Results are expressed as mean ± SEM (n = 5–6 mice for each group). ∗p < 0.05, ∗∗p < 0.01, ∗∗∗p < 0.001 HFD versus HFD-Asp; #p < 0.05, ##p < 0.01, ###p < 0.001 HFD versus Control; +p < 0.05, ++p < 0.01, +++p < 0.001 Control versus HFD-Asp. See also Figure S2.

ASP Increases Beneficial Gut Bacteria in an HFD-Fed Mouse Model

We next investigated, which specific bacteria at the genus level were increased by ASP supplementation. Community structure analysis using correlation analysis at the genus level in HFD versus HFD-Asp group showed that ASP supplementation correlated positively with Akkermansia, Parabacteroides, Bacteroides, Sutterella, Anaerostipes, Roseburia, and Coprobacillus abundance (Figure S2B).
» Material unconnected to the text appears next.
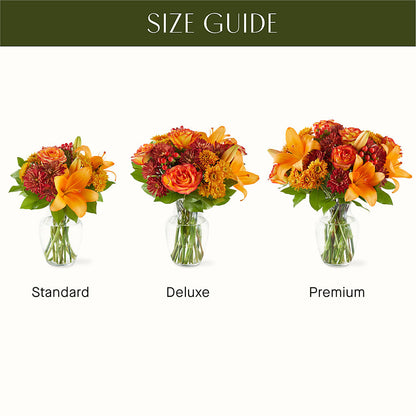Autumnal Aroma Bouquet – TIM'S TREEHOUSE NURSERY & FLORAL, Sutherlin OR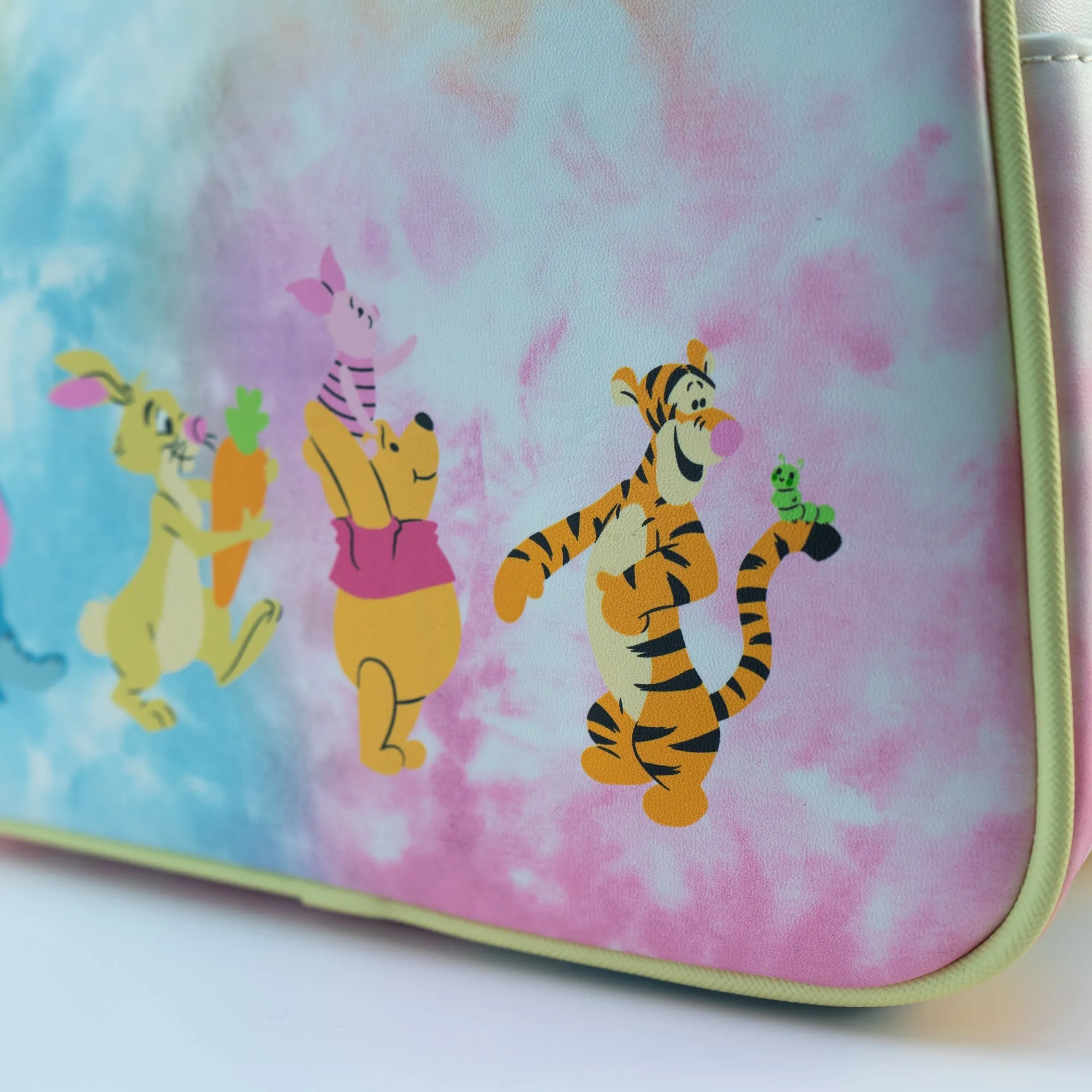 Loungefly x Disney Winnie the Pooh Tie Dye Mini Backpack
Also, linear discriminant analysis effect size analysis shows a similar pattern as that seen in the correlation analysis (Figure 2E). We next measured the relative abundance of four bacteria, i.e., Akkermansia, Roseburia, Anaerostipes, and Parabacteroides; ASP increases the actual abundance of all four bacteria (Figure 2F). Akkermansia has been reported to strengthen intestinal tight junctions and control the inflow of LPS into the blood (Everard et al., 2013). Roseburia and Anaerostipes produce short-chain fatty acids (SCFAs) via metabolization of carbohydrate (Basson et al., 2016), and Parabacteroides are known to improve glucose homeostasis by producing succinate (Wang et al., 2019). These results show that ASP changes the microbial community and increases the number of bacteria with a positive health impact.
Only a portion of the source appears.